-- Opening Marker --

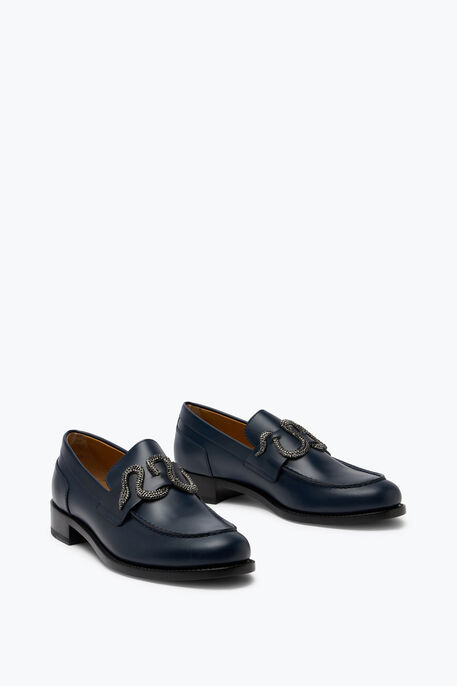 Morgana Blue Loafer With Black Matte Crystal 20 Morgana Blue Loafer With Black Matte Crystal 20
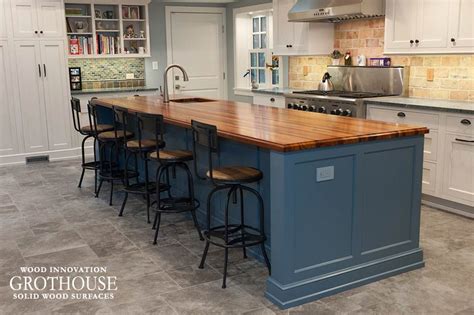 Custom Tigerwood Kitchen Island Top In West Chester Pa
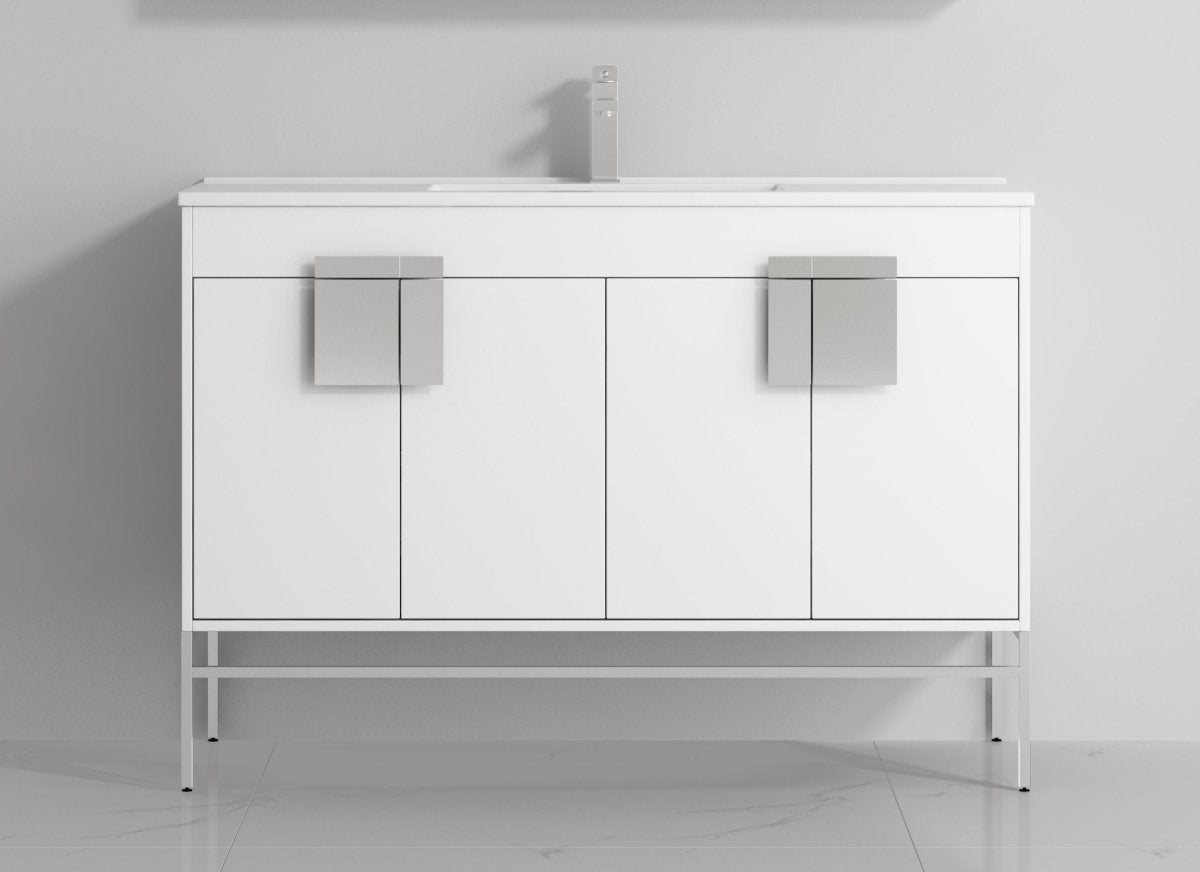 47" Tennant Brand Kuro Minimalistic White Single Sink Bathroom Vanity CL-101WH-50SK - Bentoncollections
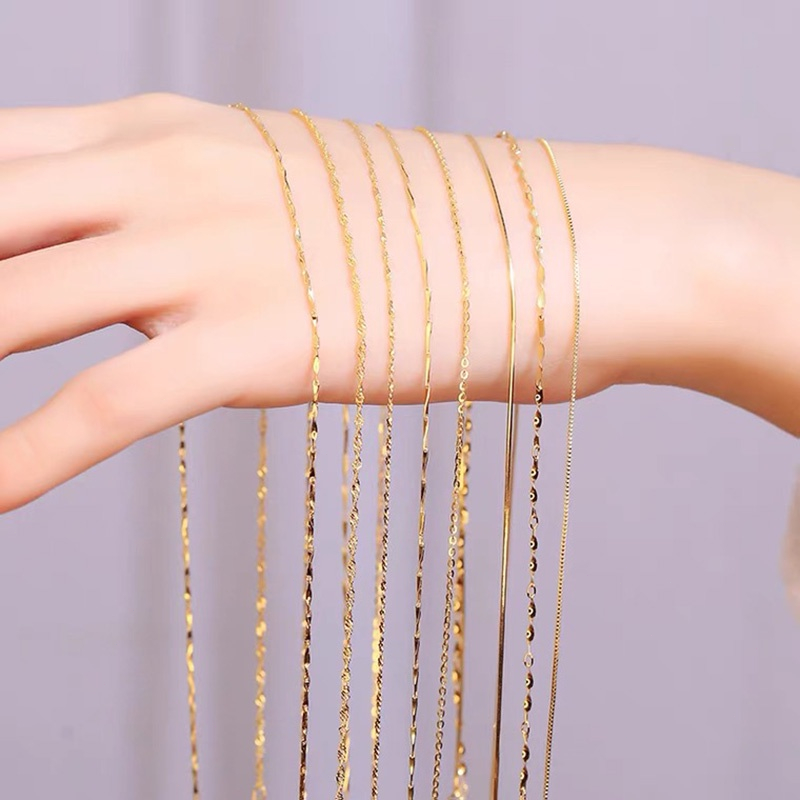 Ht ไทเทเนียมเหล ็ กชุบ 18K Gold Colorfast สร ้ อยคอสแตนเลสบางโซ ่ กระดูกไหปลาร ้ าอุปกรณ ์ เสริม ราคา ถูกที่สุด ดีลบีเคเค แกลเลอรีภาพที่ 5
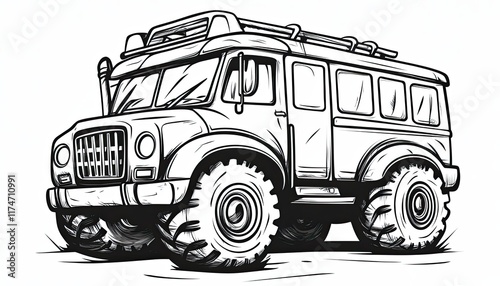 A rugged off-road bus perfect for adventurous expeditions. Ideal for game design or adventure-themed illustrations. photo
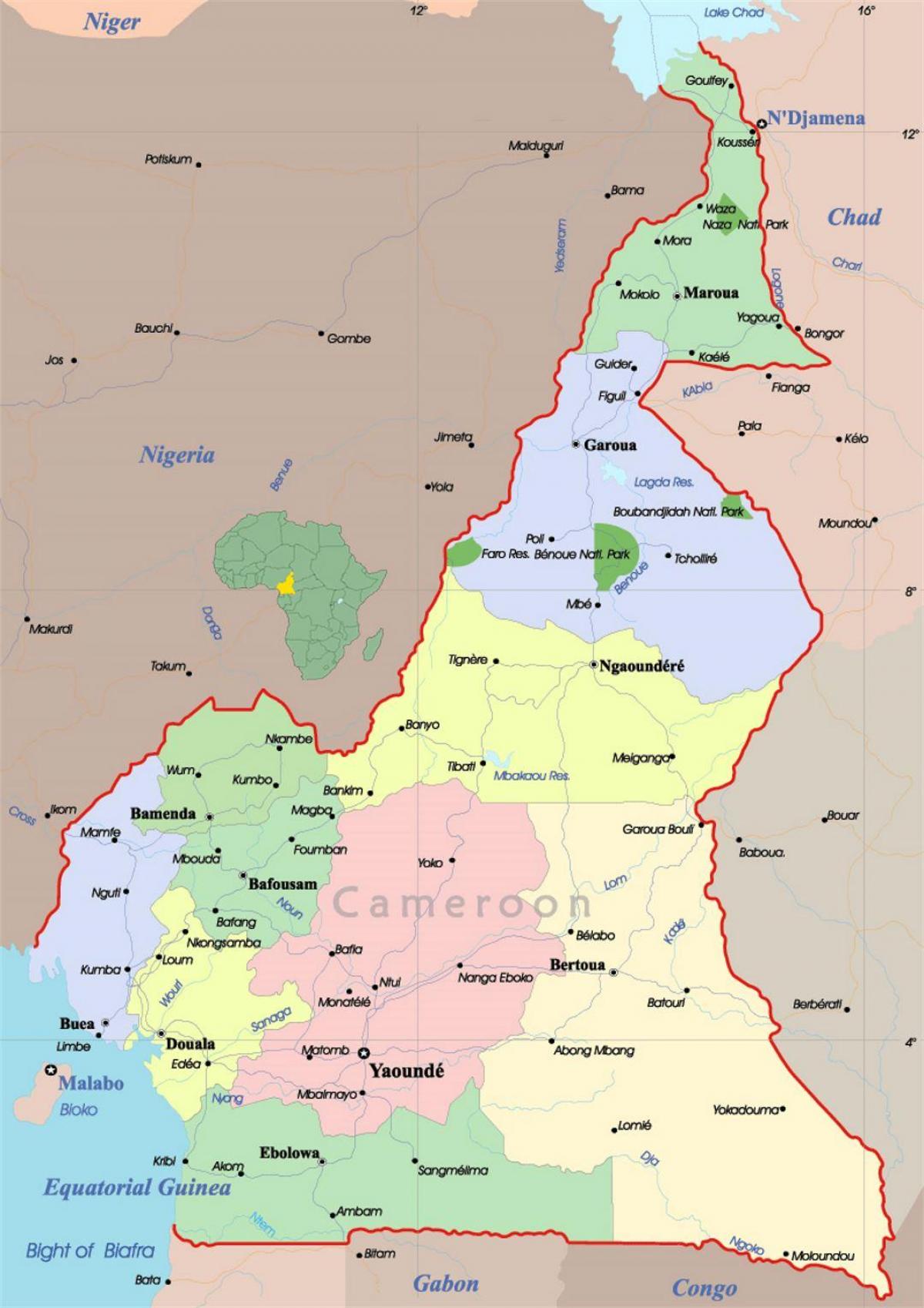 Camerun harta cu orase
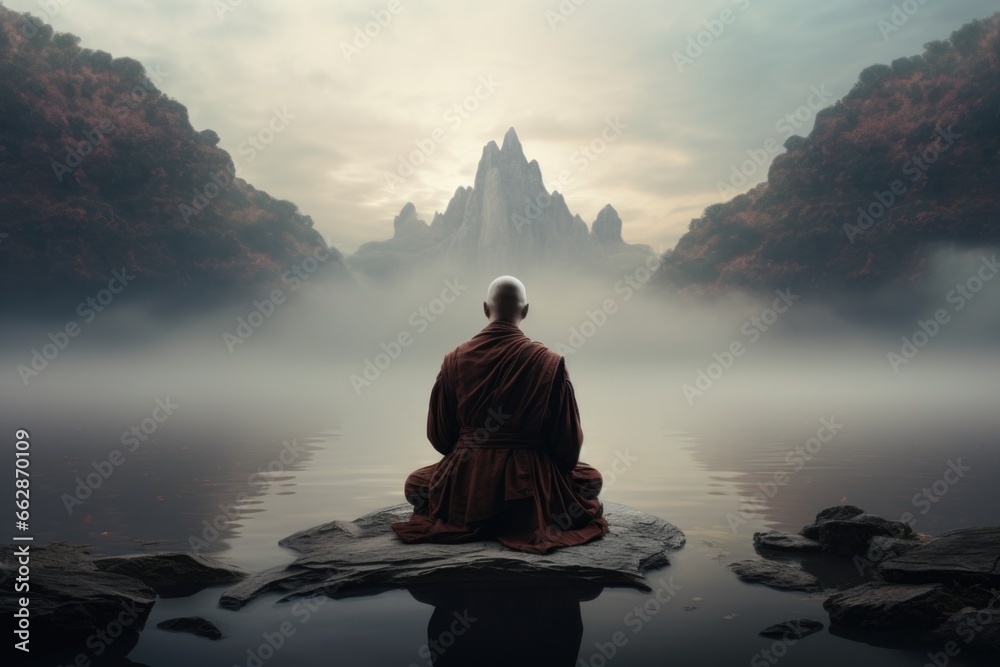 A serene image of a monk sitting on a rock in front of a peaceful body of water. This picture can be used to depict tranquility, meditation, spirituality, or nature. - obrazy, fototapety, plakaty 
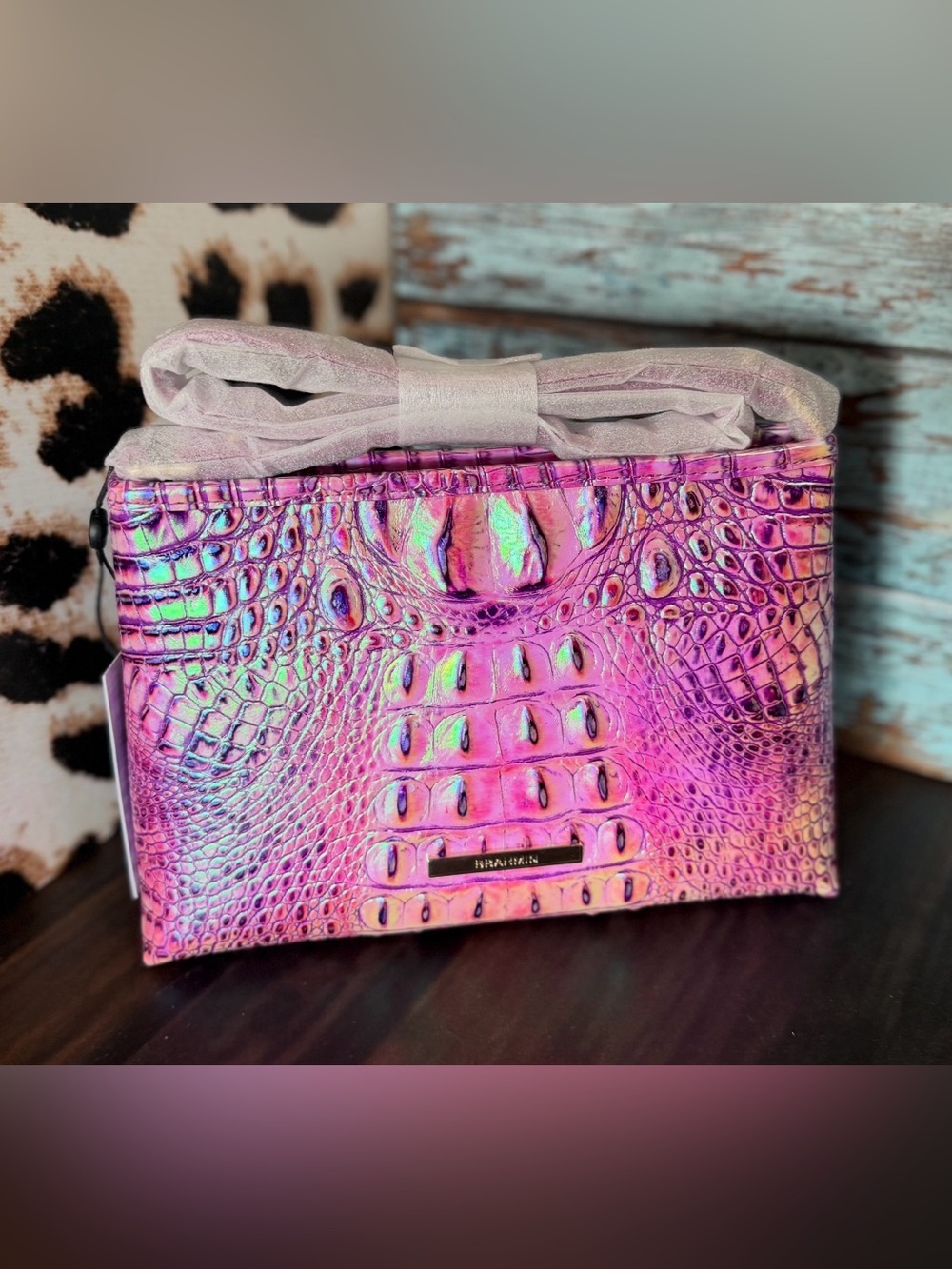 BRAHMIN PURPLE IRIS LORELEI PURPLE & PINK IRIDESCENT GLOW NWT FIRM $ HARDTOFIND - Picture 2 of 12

-- Closing Marker --

_Task objective:_ For this exercise, please set down exactly the lines of the listing above from the line with "Custom Tigerwood Kitchen" up to and including the line with "Ht ไทเทเนียมเหล ็", and no pictures.

_Your response:_
 Custom Tigerwood Kitchen Island Top In West Chester Pa
 47" Tennant Brand Kuro Minimalistic White Single Sink Bathroom Vanity CL-101WH-50SK - Bentoncollections
 Ht ไทเทเนียมเหล ็ กชุบ 18K Gold Colorfast สร ้ อยคอสแตนเลสบางโซ ่ กระดูกไหปลาร ้ าอุปกรณ ์ เสริม ราคา ถูกที่สุด ดีลบีเคเค แกลเลอรีภาพที่ 5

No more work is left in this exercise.